The Giants kept private the details of their players-only meeting last week.
But the real measure of whether it was a success or a bust will be very public, on display for a “Monday Night Football” audience to see against Cowboys.
Booger McFarland, who will be an analyst on ESPN’s broadcast, was part of players-only meetings during a nine-year career that included Super Bowl wins with the Colts and Buccaneers.
The Giants (2-6) called the meeting last Sunday, in the immediate locker-room aftermath of a fourth straight loss featuring too many of the same themes: Slow start, turnovers from the offense and chunk yardage allowed by the defense.
“Usually when you have those nobody is passing out roses in them,” McFarland said. “They come on the heels of a losing streak or something bad has happened.
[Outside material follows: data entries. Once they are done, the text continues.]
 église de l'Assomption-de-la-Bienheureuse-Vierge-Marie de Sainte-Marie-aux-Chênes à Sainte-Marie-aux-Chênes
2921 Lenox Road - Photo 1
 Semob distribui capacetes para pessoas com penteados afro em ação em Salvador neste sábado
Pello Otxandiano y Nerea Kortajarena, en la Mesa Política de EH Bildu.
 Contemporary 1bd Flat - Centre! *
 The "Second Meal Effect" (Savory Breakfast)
Now players want to get together without the coaches around and be really, really honest.”
Co-captain Alec Ogletree said the Giants “accomplished what we wanted to get done” Monday morning and quarterback Daniel Jones said the team recognizes the urgency of its position, but “we’re going to keep that in-house.”
For all the talk of leadership around the Giants – courtesy of general manager Dave Gettleman’s theory that culture trumps talent – this will be a way to judge if the message got across to a young team.
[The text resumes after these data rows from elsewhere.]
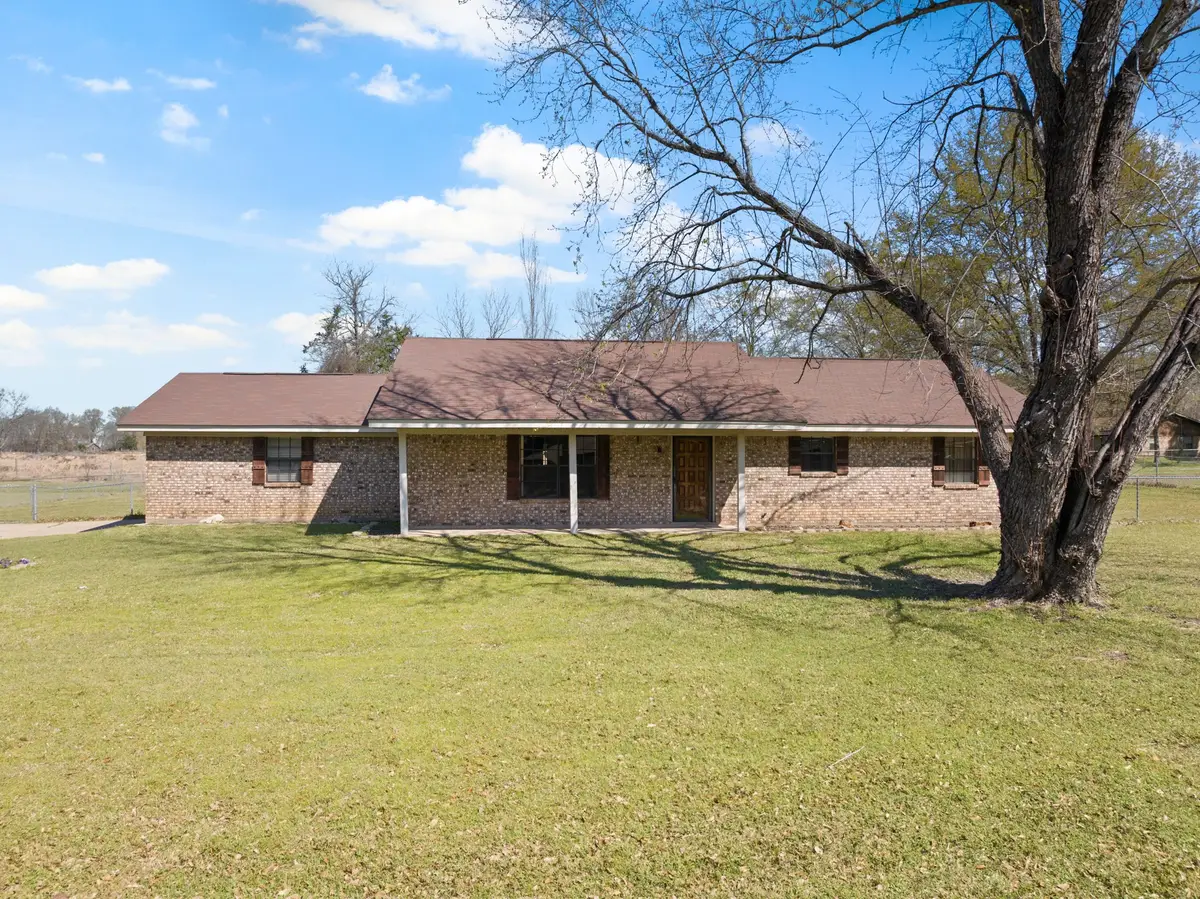 711 Walnut Street, Omaha, TX 75571 - #1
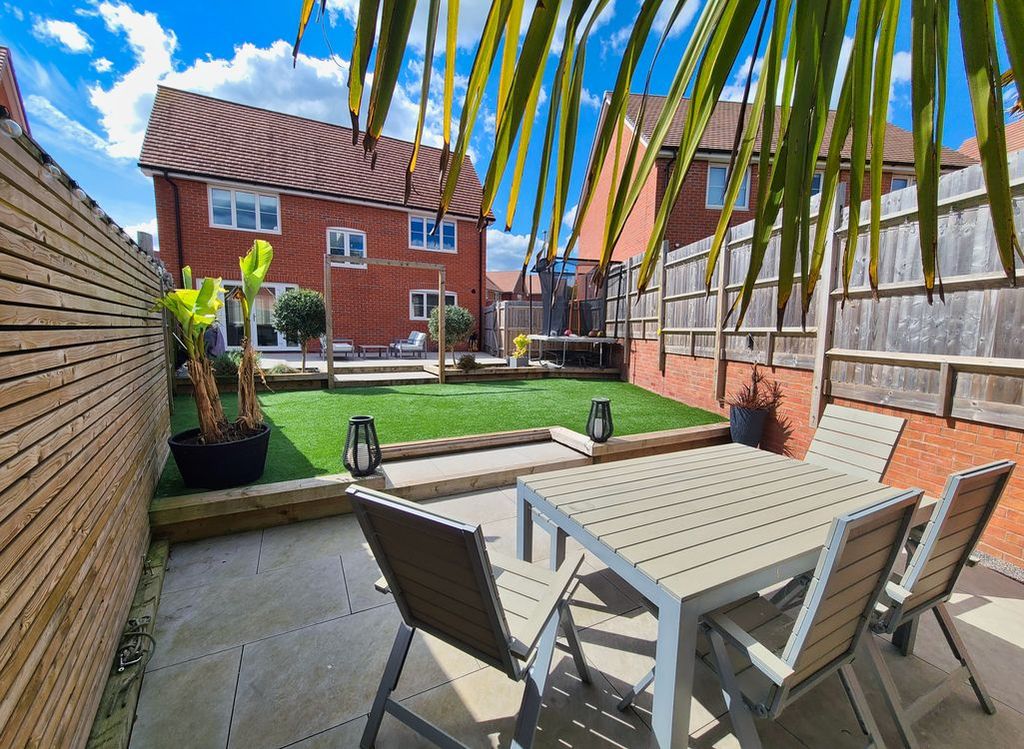 Property photo 2 of 16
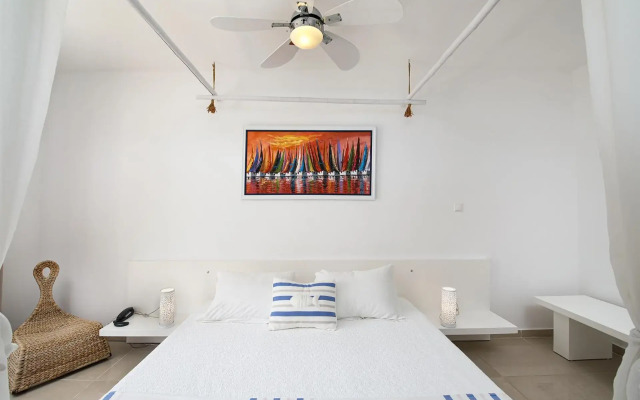 Port Alacati Hotel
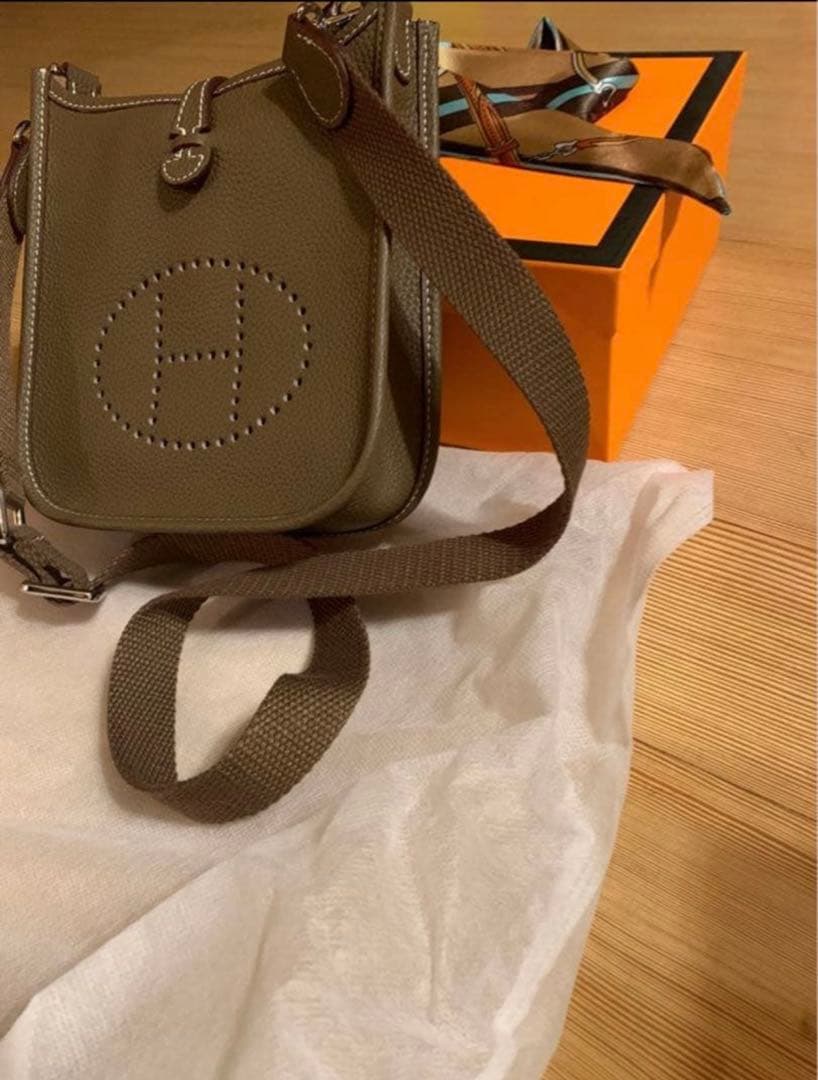 Hパンチング ショルダーバッグ Hロゴ ストラップ 高級革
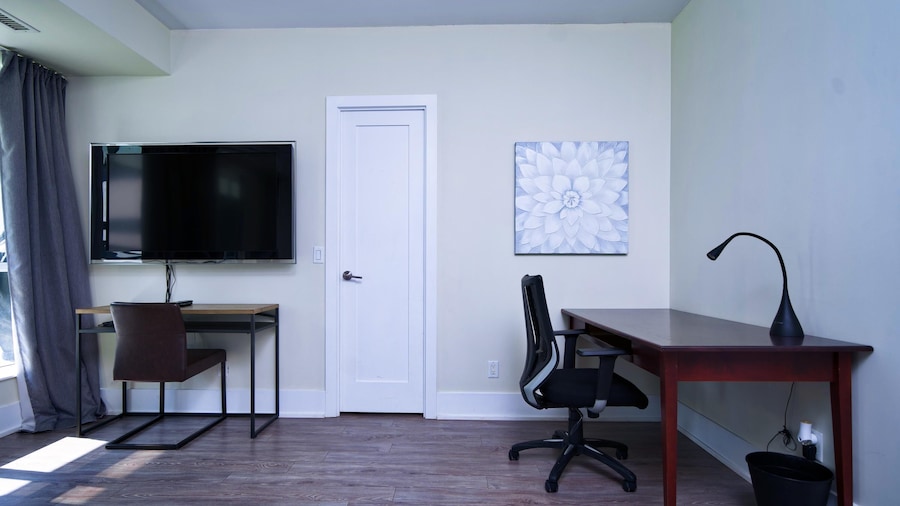 Avelis Downtown Hotel and Suites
Giants rookies have played 2,907 snaps this season, according to ESPN. That’s nearly 500 more than the next-closest team (Jaguars with 2,418) through Week 8. The Giants ranked in the top 10 in rookie snap counts each of the previous two seasons, too.
So, are they listening?
“If you have a team that can get in the room and the leaders can stand up and be really, really honest and everybody can take criticisms, then they can be very constructive,” McFarland said.
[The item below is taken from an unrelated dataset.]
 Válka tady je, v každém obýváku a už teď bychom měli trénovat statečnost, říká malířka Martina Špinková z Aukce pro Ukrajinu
“If you have a team that no one respects the leaders and it’s going to be a bunch of B.S., then players-only meetings can be a detriment.”
The Giants have lost five straight meetings and 10 of 13 against the Cowboys.
McFarland was with the Buccaneers when they were 0-21 in franchise history in games played outdoors with temperatures below 40 degrees. It was a streak that pre-dated his birth, let alone his career.
“That sounds good and that’s a great statistic, but you know what actually matters of those  games when the temperature was below 40 we lost? None of them,” McFarland said.
“It’s not as if the [Giants] players are going to step on the field and be like, ‘I don’t know if we can play tonight because we lost five in a row [to the Cowboys].’ Do coaches use that as a rallying cry, like, we haven’t beaten this team in forever? Sure. But they know just like we know that it really doesn’t matter.”
It is unclear if any of the Giants or Cowboys will be mic’d up on Monday Night Football.
Giants coach Pat Shurmur said he would prefer his players are not and quarterback Daniel Jones is on board. Cowboys coach Jason Garrett sounds more open to it – and tight end Jason Witten is a strong candidate considering he was part of ESPN’s Monday Night Football broadcast booth last season.
The Dolphins and Steelers both declined to participate last week, after Sam Darnold was embarrassed two weeks ago. The Jets quarterback was caught saying he was “seeing ghosts” in response to the Patriots’ aggressive blitz packages.
NFL Films is supposed to review sound clips and clear them for ESPN with an understanding that nothing damaging to a player’s reputation will be aired.
“I remember when I was a fan of the game kind of sitting at home … any time you can take the fans behind the scenes and give them information they can’t otherwise normally get, I think that’s pretty cool,” McFarland said. “I think it adds that element to the broadcast.”